New Research on Treating Depression With Diet
by Sumathi Reddy, The Wall Street Journal
It is part of the nascent field of nutritional psychiatry which uses changes in diet to help treat mood disorders.
“The study in the journal BMC Medicine, found that a third of patients assigned to a group that followed a modified Mediterranean diet met the criteria for remission in 12 weeks, compared with just 8% in a control group.”
“There is a large body of evidence, both observational studies and animal studies, that links diet to the risk of developing depression and the prevalence of depression, said Felice Jacka, a professor of psychiatric epidemiology and nutritional psychiatry at Deakin University in Australia and senior researcher on the study. Dr. Jacka is also president of the International Society for Nutritional Psychiatry Research.”
“Psychiatrists cautioned that the study provides no evidence that diet changes could replace traditional treatments for depression; but it could be beneficial as an add-on treatment.”
(Here’s where it becomes problematic for people with major depression and people like me who are too lazy to cook)
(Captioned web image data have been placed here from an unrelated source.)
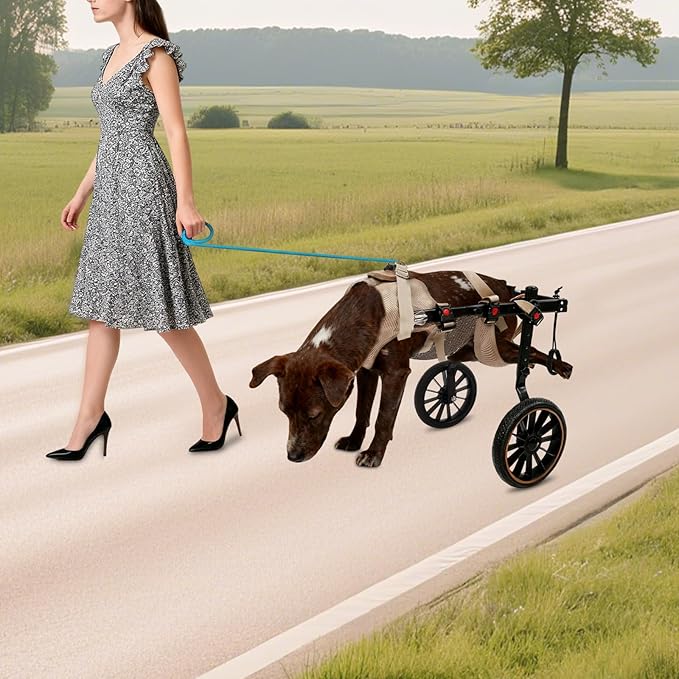 Pet Rehabilitation Walking Aid for Large Dogs, Adjustable 2-Wheel Dog Wheelchair for Back Legs with Breathable Mesh Harness for Senior Disabled Dogs Recovery Support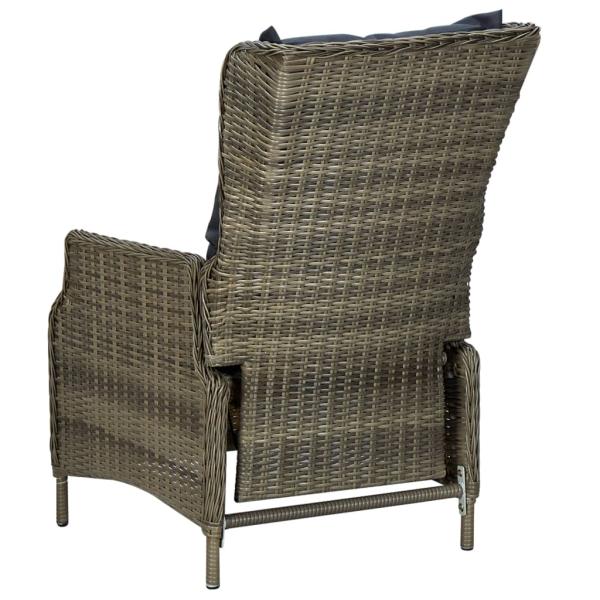 3-tlg. Garten-Lounge-Set mit Auflagen Poly Rattan Braun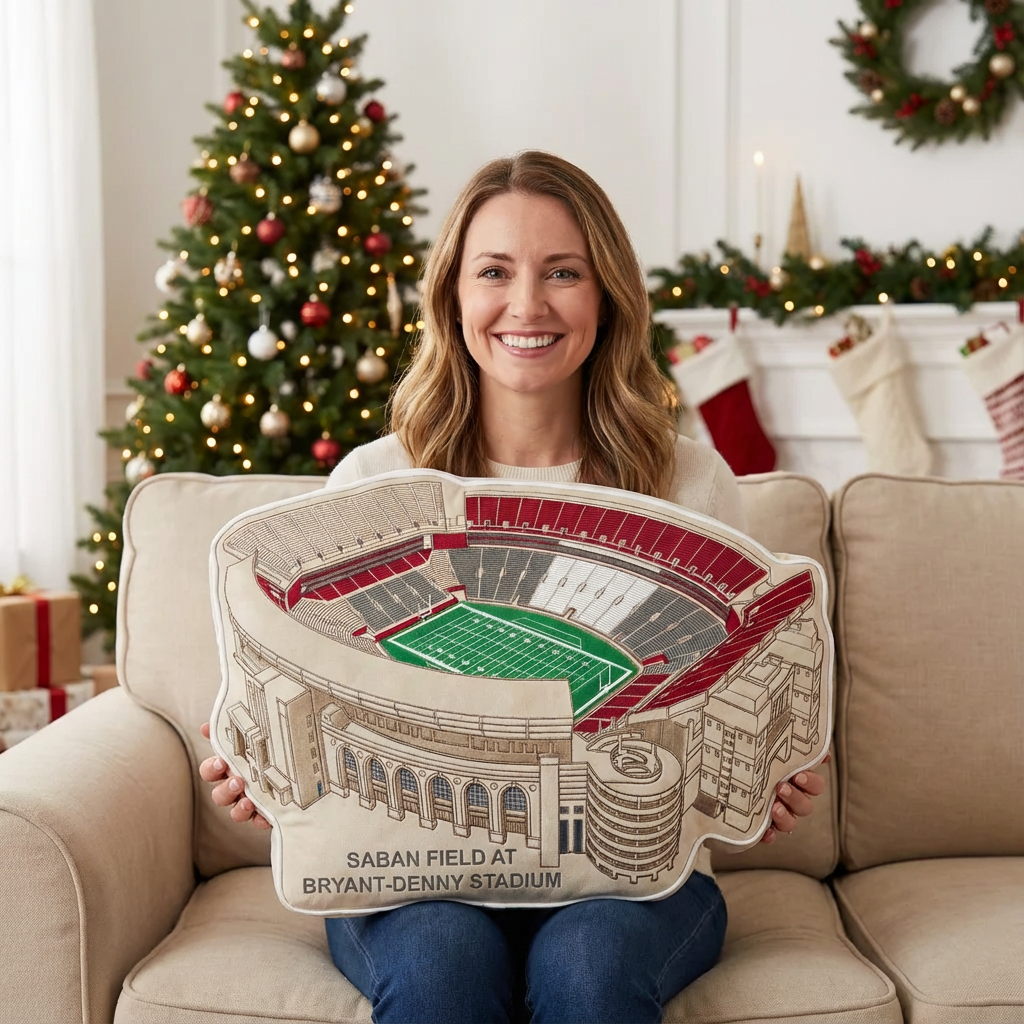 Saban Field At Bryant Denny Stadium Plush Pillow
“It may also be an impractical prescription: cooking healthy meals requires motivation and planning, a big demand for depressed patients. Depressed patients have difficulty putting plans into action so would likely require assistance, experts said.” (Assistance in the form of a personal chef . . .)
“They have this sense of fatigue and inability to get up and go, and any mental effort they feel is overwhelming and exhaustive,” said Robert Shulman, associate chairman of psychiatry at Rush University Medical Center in Chicago. “(YUP, I’ll eat to that)
“The study, the first randomized controlled one, consisted of 67 people diagnosed and already being treated for a major depressive disorder. The mean age was 40 and most were overweight.
About half were in a dietary-intervention group. They received help planning a diet which included a lot of fruits, vegetables, beans, fish, whole grains, lean red meat, olive oil and nuts, and cut back on sweets, (OUCH) processed foods, soft drinks and other unhealthy items.”
‘”Dietary changes may be especially helpful for people who are mildly depressed and don’t want to go on medication, said Joshua Weiner, a psychiatrist in McLean, Va. “If you have a motivated patient I’m all for this,” he said. “The problem is many kinds of patients aren’t motivated.”’
Results may be better for people who have poor eating habits to begin with, he said.”
Read the entire article click HERE
(Alas . . . the indicators for healthy eating are piling up. It’s so much easier to pop a pill.)